ST. JOHNSBURY -- Four years ago Beth Choiniere, assistant headmaster for campus life at St. Johnsbury Academy, created a Student Leadership Academy to teach students entering leadership positions the skills they needed to create highly functioning organizations. Student leaders participated in a series of workshops and conversations designed to develop core covenants and understand the underlying principles of highly successful teams.
According to Choiniere, "We wanted returning and incoming students to experience to what it was like to be on a great team. So we applied those principles to our campus life program."
The program has been refined annually since that first year to make sure it continues to meet the needs of a rapidly changing world while keeping its roots in the Academy's values and traditions.
This year the Academy's campus life team chose to take a different approach and focused on creating "servant leaders." According to Charlotte Morse and Sarah O'Reilly, members of the Class of 2013 and president and vice president of the Academy's National Honor Society, a servant leaders is "someone who works to serve others, is a good listener, and is committed to helping new students feel comfortable. A servant leader doesn't have a personal leadership agenda. She is about helping others."
Choiniere notes, "The idea of servant leadership is in line with a long standing tradition at the Academy of students finding ways to leave this place better than they found it, and these leaders take pride in how the opening for the school year sets the tone for what is to come."

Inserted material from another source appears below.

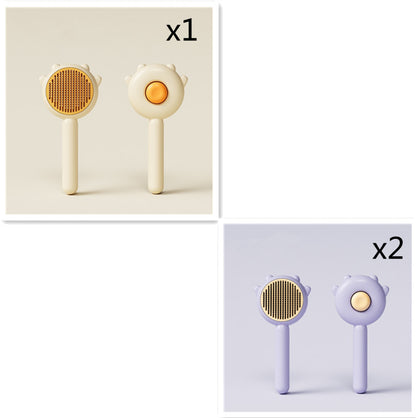 Pet Magic Hair Removal Brush Pets Grooming Comb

To help ensure the program's success, Choiniere enlisted the services of David Kelly to be the keynote presenter for the program. A leading authority on student leadership and community service on college campuses, Kelly encouraged the students to develop their leadership by focusing on goal setting, communication, and commitment. He also asked the students to recognize that leadership comes in many forms, and suggested they take particular interest in developing the "quiet leaders," reminding them to inspire the students to "take risks when the stakes are not so high."